§ The problem: Quote the material exactly from the line that contains "Teak coffee tables" through its last line. Any pictures are to be left out.

§ Given material:
——————

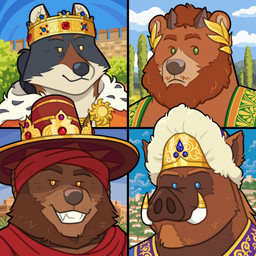 anthro black_body black_fur blue_eyes blue_gem brown_body brown_eyebrows brown_fur cape city clothing cloud countershading crow's_feet crown detailed_background eyebrows fur fur_cape fur_clothing gem green_eyes hair hat headgear headwear horn king male outside plant ponytail purple_gem red_gem religious_clothing religious_headwear royalty scar smile solo tan_body tan_fur turban tusk_jewelry tusks wall_(structure) wreath yellow_eyes quasarbearcat atlas_bear bear brown_bear canid canine canis iberian_wolf mammal suid suine sus_(pig) ursine wild_boar wolf 1:1 absurd_res cel_shading hi_res multiple_images shaded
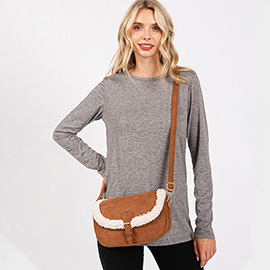 Fleece Trimmed Solid Crossbody Bag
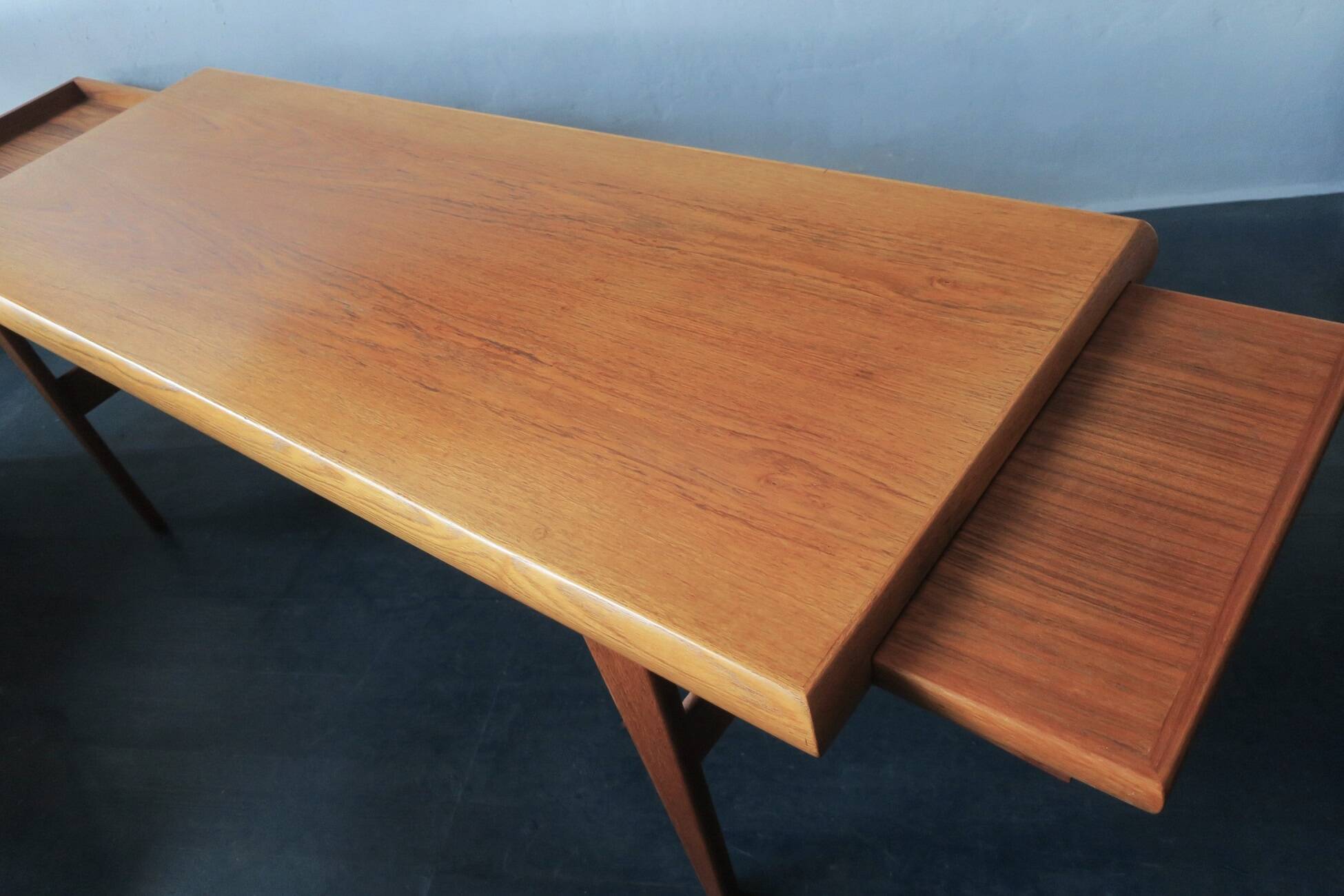 Teak coffee tables and tray by Johannes Andersen for Trioh, Denmark 1960s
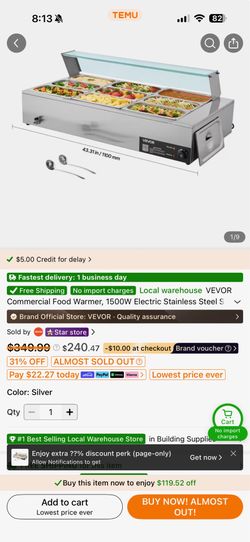 Vevor 9 pan / 8 Qt commercial food warmer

——————

§ Answer space:
 Teak coffee tables and tray by Johannes Andersen for Trioh, Denmark 1960s
 Vevor 9 pan / 8 Qt commercial food warmer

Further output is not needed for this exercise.